> [ABOUT THIS TASK]: The result should be the listing below restated word for word, with images left out.
** Opening DATA SUPPLIED block **
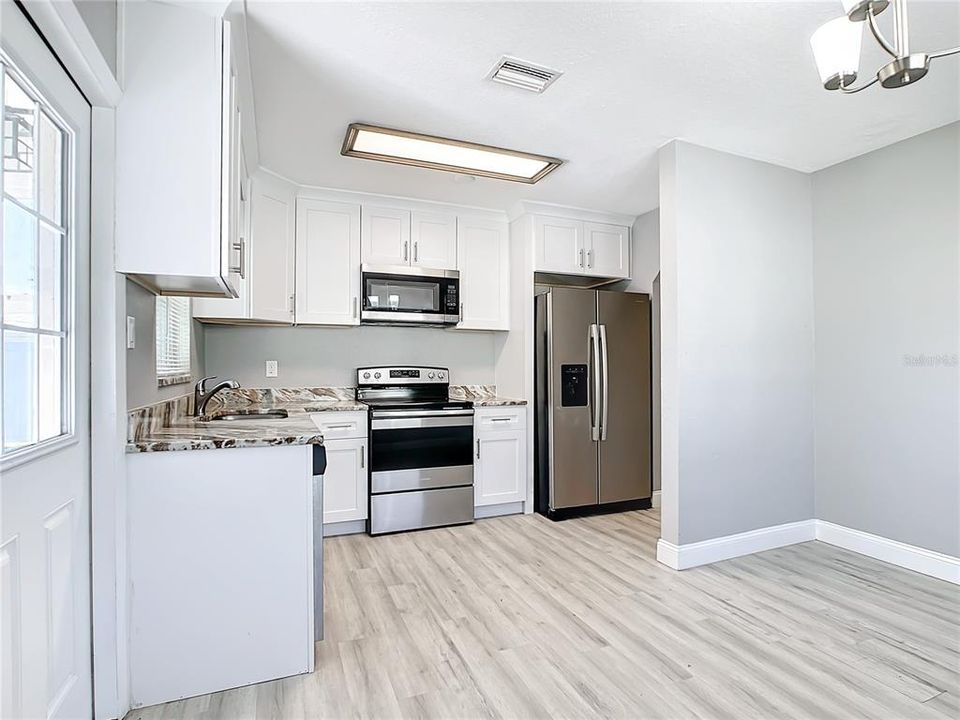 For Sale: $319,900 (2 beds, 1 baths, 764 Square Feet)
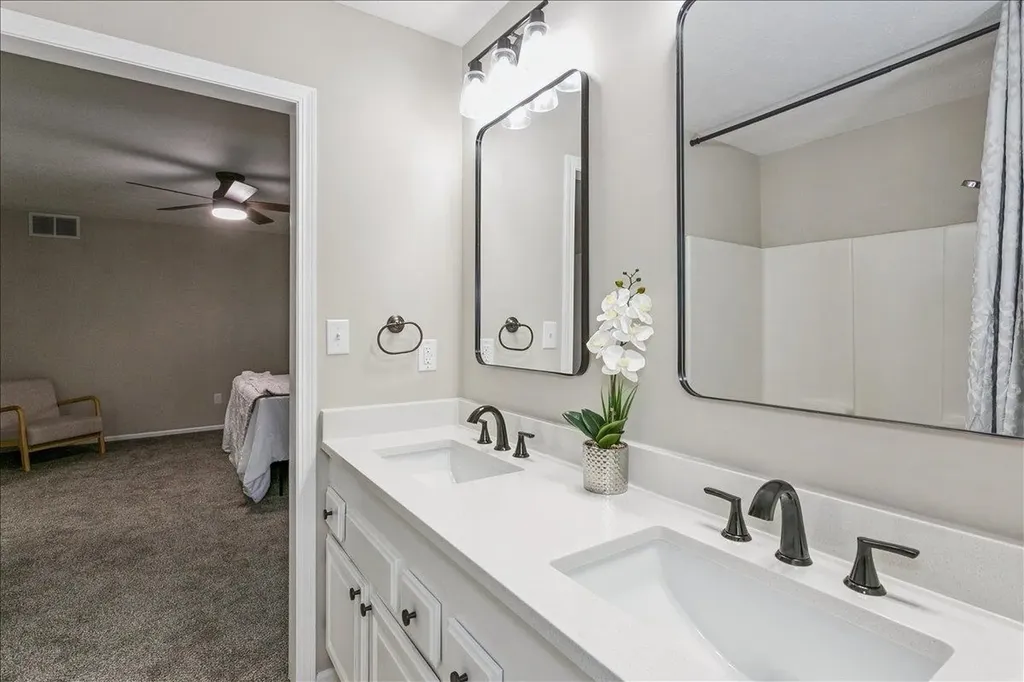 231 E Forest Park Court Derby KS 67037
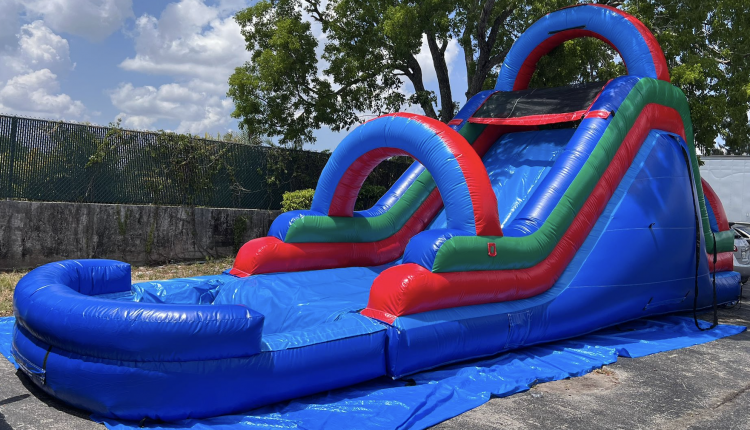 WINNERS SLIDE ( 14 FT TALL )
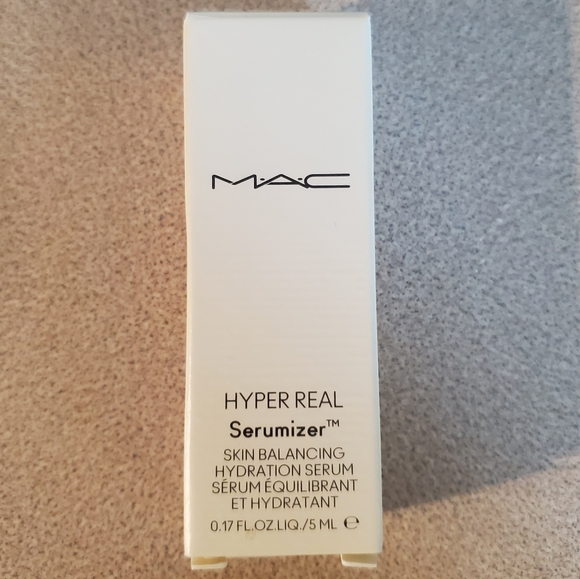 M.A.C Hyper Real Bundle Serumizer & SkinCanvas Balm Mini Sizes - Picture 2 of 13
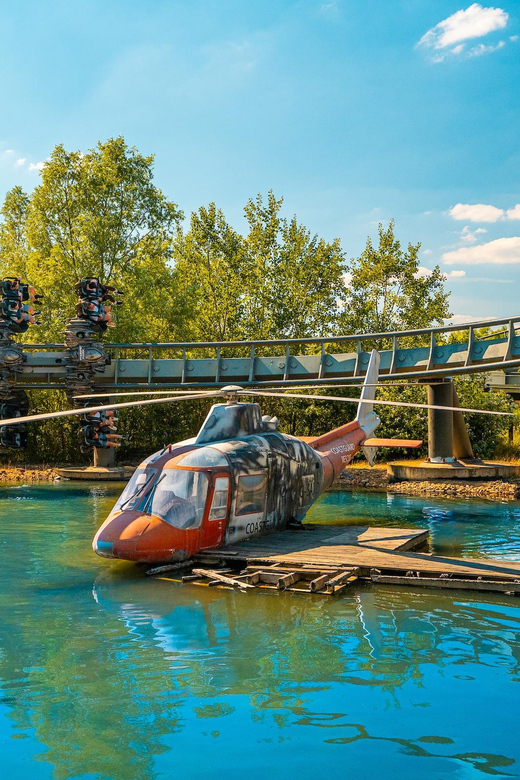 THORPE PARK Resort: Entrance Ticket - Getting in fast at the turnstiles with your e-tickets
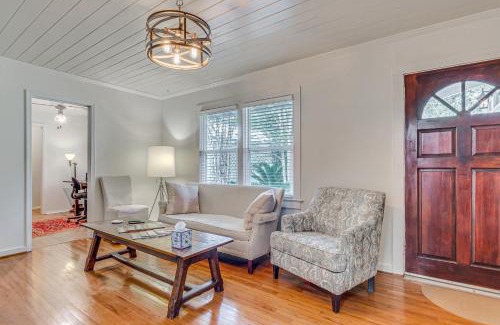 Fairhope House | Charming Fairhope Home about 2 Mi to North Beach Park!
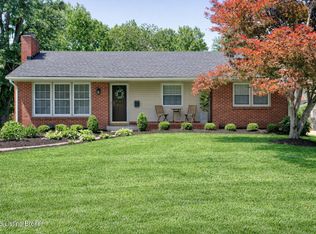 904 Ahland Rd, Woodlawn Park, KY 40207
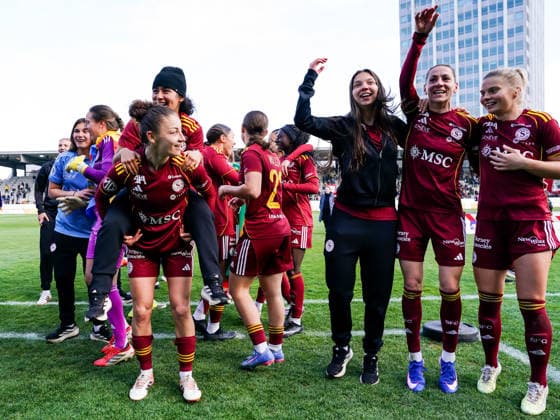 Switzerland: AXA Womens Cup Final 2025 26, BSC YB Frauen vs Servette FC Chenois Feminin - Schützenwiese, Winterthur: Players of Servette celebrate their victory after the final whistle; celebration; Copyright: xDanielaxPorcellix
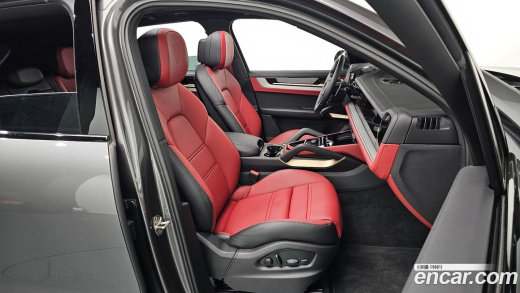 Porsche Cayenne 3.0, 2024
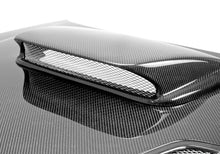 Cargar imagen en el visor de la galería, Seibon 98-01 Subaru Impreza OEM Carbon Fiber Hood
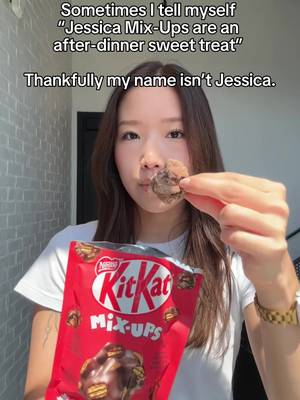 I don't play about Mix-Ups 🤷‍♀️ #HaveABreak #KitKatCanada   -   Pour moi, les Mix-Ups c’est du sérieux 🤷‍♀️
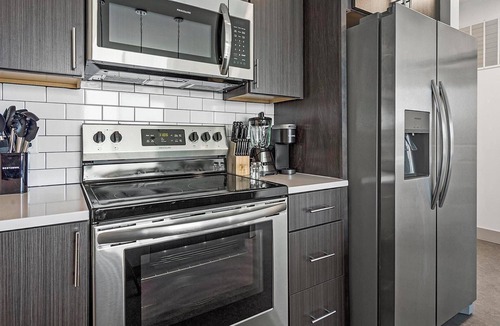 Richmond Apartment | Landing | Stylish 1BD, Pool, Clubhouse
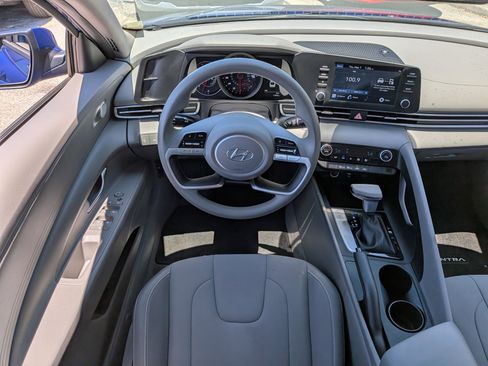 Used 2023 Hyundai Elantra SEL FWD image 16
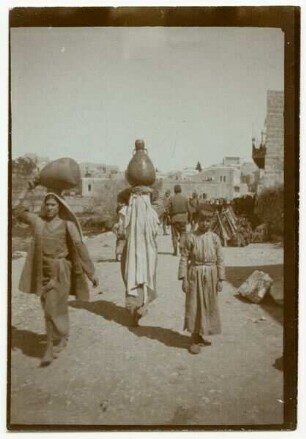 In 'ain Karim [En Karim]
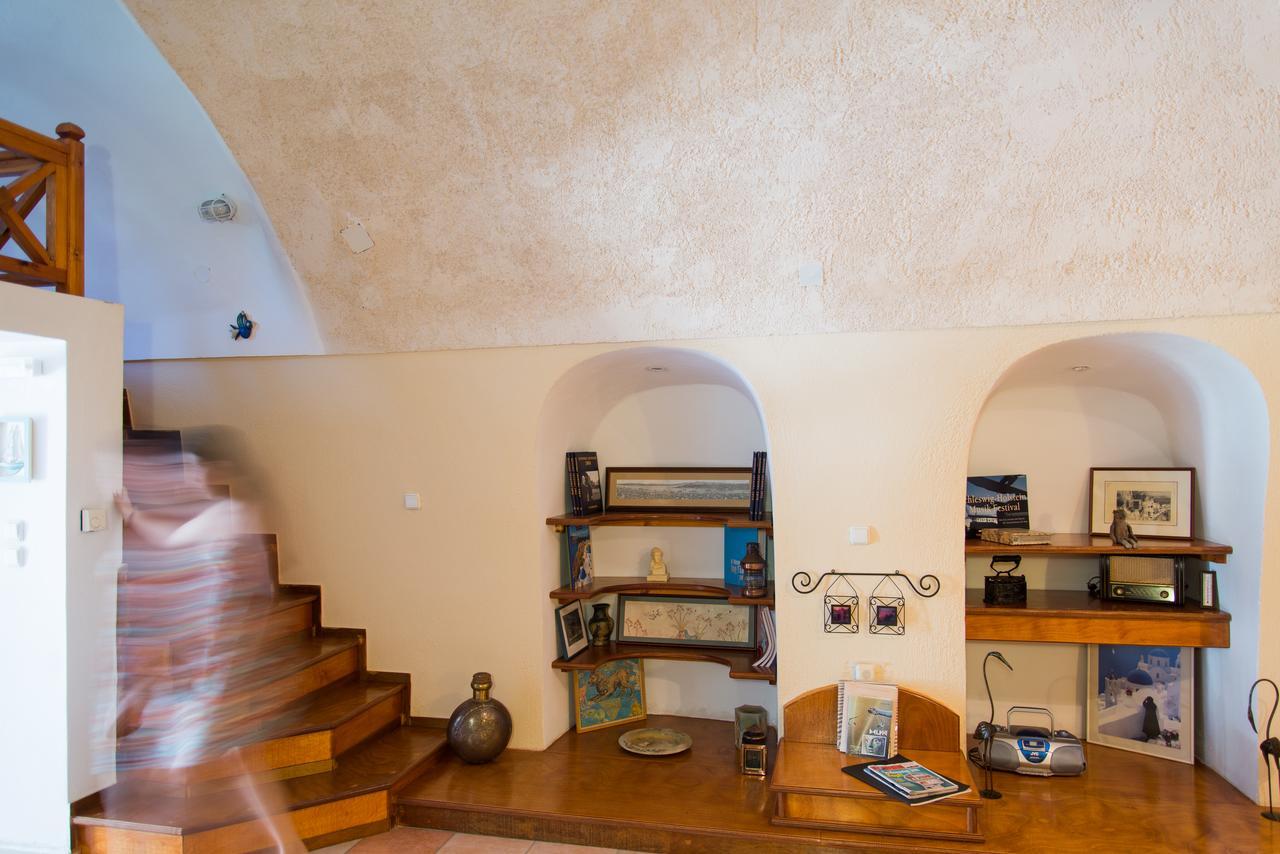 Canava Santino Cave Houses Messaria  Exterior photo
** Closing DATA SUPPLIED block **
> [WORKED SOLUTION]:
 For Sale: $319,900 (2 beds, 1 baths, 764 Square Feet)
 231 E Forest Park Court Derby KS 67037
 WINNERS SLIDE ( 14 FT TALL )
 M.A.C Hyper Real Bundle Serumizer & SkinCanvas Balm Mini Sizes - Picture 2 of 13
 THORPE PARK Resort: Entrance Ticket - Getting in fast at the turnstiles with your e-tickets
 Fairhope House | Charming Fairhope Home about 2 Mi to North Beach Park!
 904 Ahland Rd, Woodlawn Park, KY 40207
 Switzerland: AXA Womens Cup Final 2025 26, BSC YB Frauen vs Servette FC Chenois Feminin - Schützenwiese, Winterthur: Players of Servette celebrate their victory after the final whistle; celebration; Copyright: xDanielaxPorcellix
 Porsche Cayenne 3.0, 2024
 Cargar imagen en el visor de la galería, Seibon 98-01 Subaru Impreza OEM Carbon Fiber Hood
 I don't play about Mix-Ups 🤷‍♀️ #HaveABreak #KitKatCanada   -   Pour moi, les Mix-Ups c’est du sérieux 🤷‍♀️
 Richmond Apartment | Landing | Stylish 1BD, Pool, Clubhouse
 Used 2023 Hyundai Elantra SEL FWD image 16
 In 'ain Karim [En Karim]
 Canava Santino Cave Houses Messaria  Exterior photo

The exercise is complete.